Çocuğunuz okula gitsin ya da gitmesin, öğrenmeye ve büyümeye devam edecektir. Evde eğitim gören çocuklar okula kaydolabilir veya olmayabilir, üniversiteyi kazanabilir veya okul müfredatının zorluğuyla mücadele etmeden istedikleri işe girebilirler. Hayatımız ve kariyerimiz genellikle eğitim kurumlarıyla aynı düzlemde veya dilediğimiz gibi ilerlemez. Geleneksel okul eğitiminden aylarca veya yıllarca uzak kalmak bu açığı kapatmak için eş değer bir süre gerektirmez, tabii kişi kendini bu açığı kapatmak durumunda hissetmiyorsa…
Öğrenmek ve yetişkinlerin hayatına uyumlanmak için mutlaka okul eğitimi zorunlu değildir. Bu bir hak, ödev ya da eşitlik kriteri de değildir.
Eğitimciler, okul saatlerinde çocuklarıyla birlikte olmak isteyen ailelerle daha iş birlikçi bir duruş sergileyerek farklı öğrenme programlarını, eğitim kurumlarından uzak tutulması gereken aykırı değerler olarak görmek yerine, bu farklı programlardan nasıl faydalanabileceklerini görebilirler. Ev okulunu herkes tercih etmeyebilir veya bu sürecin üstesinden gelemeyenler olabilir. Bununla birlikte ev, okul ve topluma yeni öğrenme kombinasyonlarının oluşması, herkesin öğrenebilmesi için yeni fırsatlar sunar.

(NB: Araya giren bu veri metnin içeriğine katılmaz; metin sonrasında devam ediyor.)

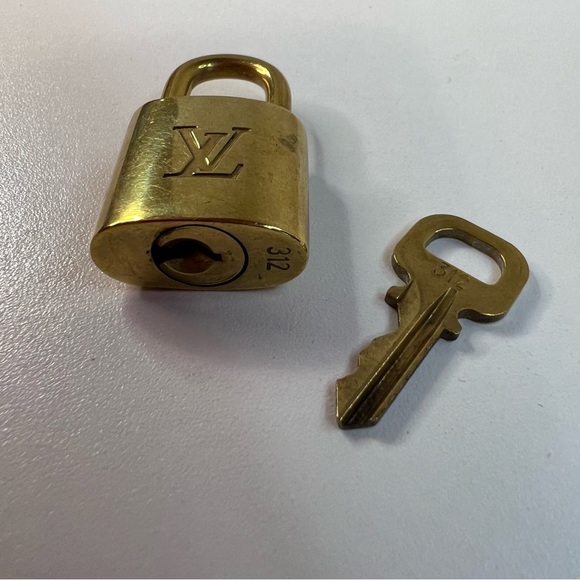 Authentic Louis Vuitton Lock and Key on Chain #312 - Picture 4 of 10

Yüksek duvarların üzerine monte edilmiş dikenli teller, demir kapılar, parmaklıklar yani kısaca bir hapishaneyi andıran okul duvarları bile tek başına modern okul sisteminin artık sonuna geldiğimizin göstergesi değil mi?
Çocuğun refahını, isteklerini ve bedensel ihtiyaçlarını görmezden gelen, onu kapalı bir odadaki sırada saatlerce, bütün bedensel ihtiyaçlarını görmezden gelerek oturtan mevcut okul sistemine itiraz etmemiz gerekmiyor mu?